▶ Try it: Look through the records, and wherever the string "with" turns up, copy out that line.

--- START ---

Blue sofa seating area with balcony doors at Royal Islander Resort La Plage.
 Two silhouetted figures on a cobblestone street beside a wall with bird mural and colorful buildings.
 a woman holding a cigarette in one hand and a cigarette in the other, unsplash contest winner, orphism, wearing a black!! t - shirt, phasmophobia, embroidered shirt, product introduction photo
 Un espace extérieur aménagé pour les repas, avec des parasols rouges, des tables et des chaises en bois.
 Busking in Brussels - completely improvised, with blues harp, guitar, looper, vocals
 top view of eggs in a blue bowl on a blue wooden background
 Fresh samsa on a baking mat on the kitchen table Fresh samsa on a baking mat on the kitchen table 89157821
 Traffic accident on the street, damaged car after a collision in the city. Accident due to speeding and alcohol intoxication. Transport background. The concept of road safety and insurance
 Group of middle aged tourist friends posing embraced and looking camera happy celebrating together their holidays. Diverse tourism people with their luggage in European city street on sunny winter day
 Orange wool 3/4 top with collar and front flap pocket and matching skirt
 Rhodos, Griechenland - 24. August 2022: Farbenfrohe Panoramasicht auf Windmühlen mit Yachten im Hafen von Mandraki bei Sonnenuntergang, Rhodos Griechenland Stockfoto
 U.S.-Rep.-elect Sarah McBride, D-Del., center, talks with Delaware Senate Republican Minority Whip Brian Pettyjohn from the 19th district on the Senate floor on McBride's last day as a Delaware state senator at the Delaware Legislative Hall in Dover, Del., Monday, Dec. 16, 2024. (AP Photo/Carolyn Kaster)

--- END ---

▶ Solution for this exercise:
Blue sofa seating area with balcony doors at Royal Islander Resort La Plage.
 Two silhouetted figures on a cobblestone street beside a wall with bird mural and colorful buildings.
 Busking in Brussels - completely improvised, with blues harp, guitar, looper, vocals
 Group of middle aged tourist friends posing embraced and looking camera happy celebrating together their holidays. Diverse tourism people with their luggage in European city street on sunny winter day
 Orange wool 3/4 top with collar and front flap pocket and matching skirt
 U.S.-Rep.-elect Sarah McBride, D-Del., center, talks with Delaware Senate Republican Minority Whip Brian Pettyjohn from the 19th district on the Senate floor on McBride's last day as a Delaware state senator at the Delaware Legislative Hall in Dover, Del., Monday, Dec. 16, 2024. (AP Photo/Carolyn Kaster)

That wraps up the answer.